Bethany Sanders, now 17, had claimed the brain damage she suffered as a baby was due to lead poisoning in the Queensland mining town of Mount Isa.
Her family had moved to the remote town and lived within three kilometres of the mining and smelting operations from mid 2007 to January 2008.
In a decision handed down on August 25, Supreme Court Justice Frances Williams ruled that Ms Saunders, who was represented by her guardian Jim Seeto, had failed to prove her injuries were caused by Mount Isa Mines Limited (MIM), now owned by Swiss-owned giant Glencore.
The damages claim was heard in Brisbane Supreme Court last year.
Bethany’s parents, Michael Sanders and Sharnelle Seeto, claimed to have been unaware of any risk lead exposure could have on children during the first six months of living in the northern Queensland town.
The trial was told that Mr Saunders was alerted to a newspaper advertisement in about September 2007, according to the judge’s decision.
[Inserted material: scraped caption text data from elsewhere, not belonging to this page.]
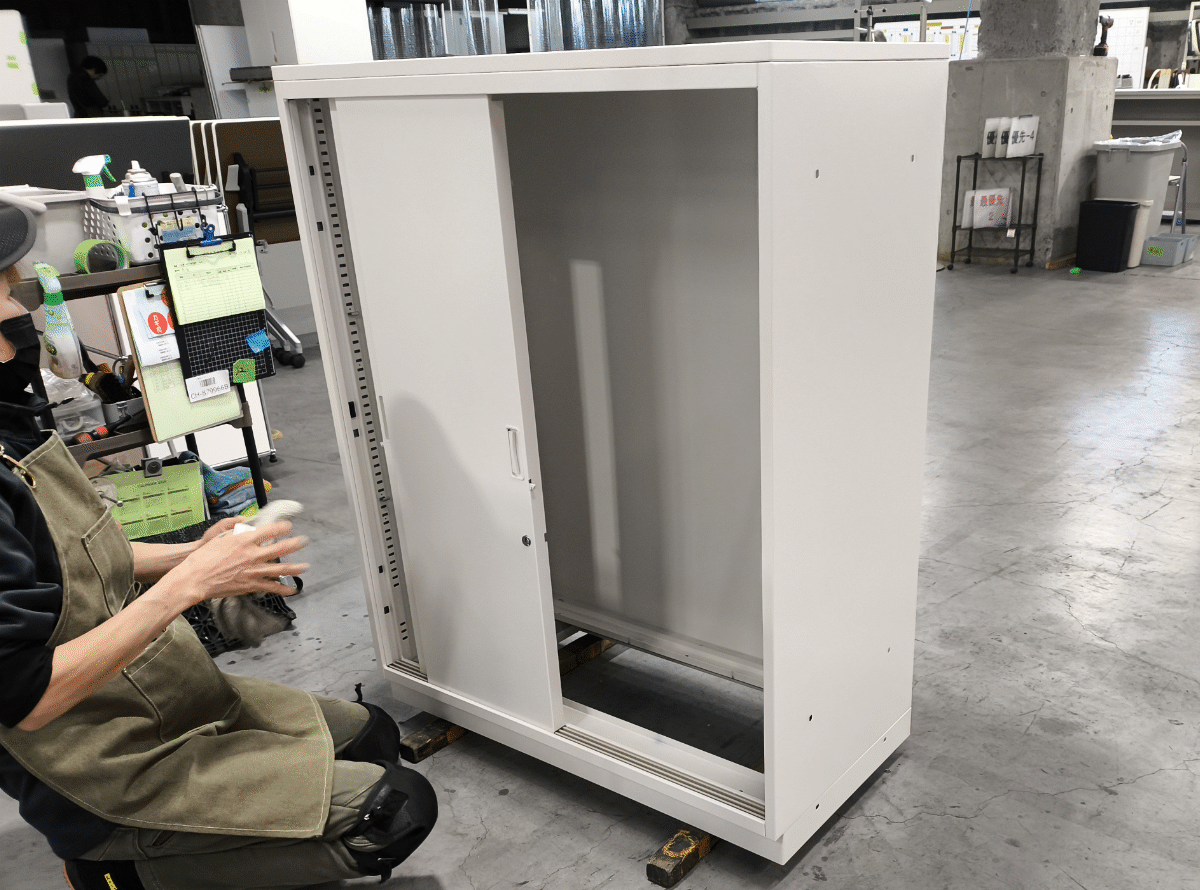 中古書庫の棚板を一枚ずつ清掃する様子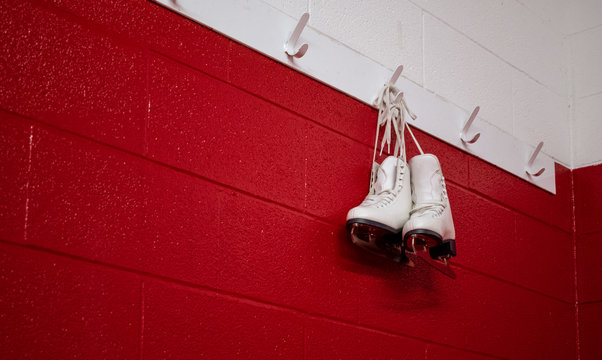 Figure skates hanging over red wall in locker room with copy space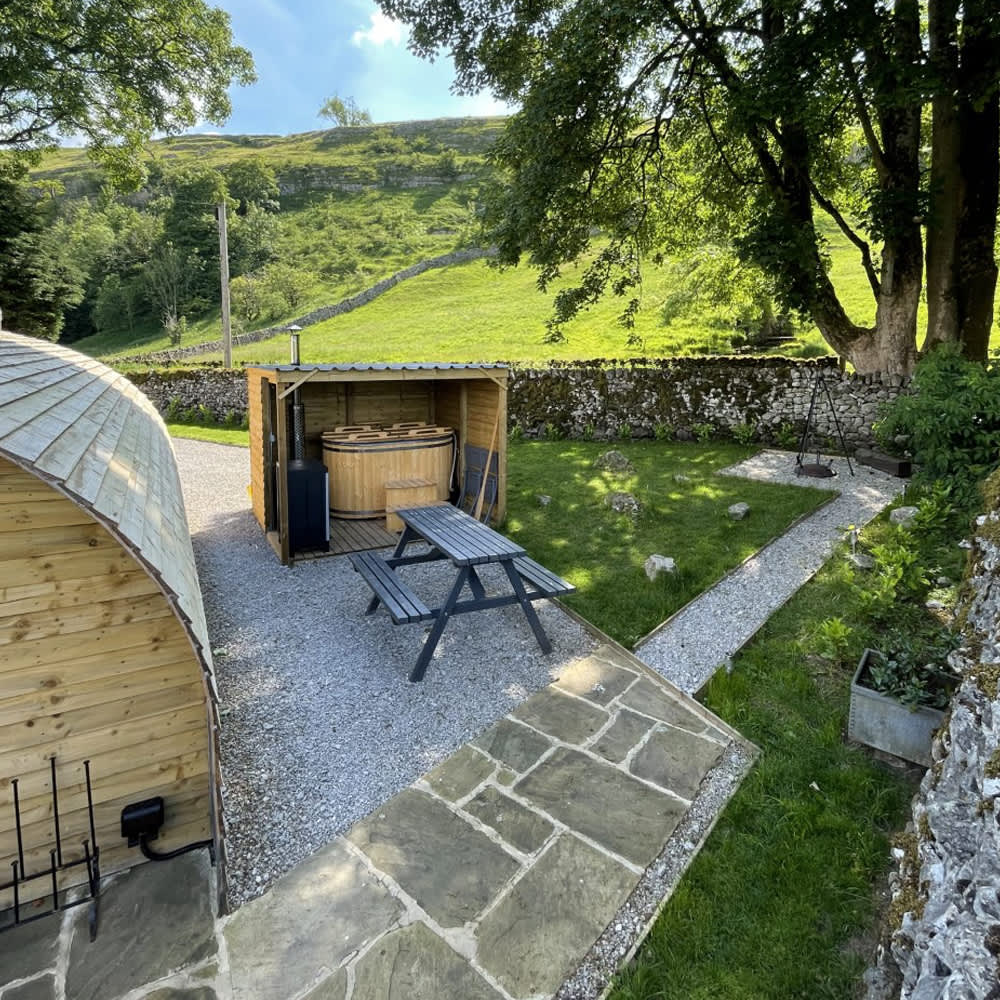 Private hot tub and fire pit area for Pheasant Pod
Prior to this, Ms Seeto claimed she hadn’t been made aware of any of the posters, pop-up booths or signs about risk of lead to children that were on display around the mining town.
The judgment found that Ms Seeto had also contended that she hadn’t received any letters or was not invited to any local meetings about the dangers of lead absorption for children.
She had given evidence that she was aware Bethany had “regularly ate dirt and she took no particular steps to stop the plaintiff from doing so”, according to the judgment.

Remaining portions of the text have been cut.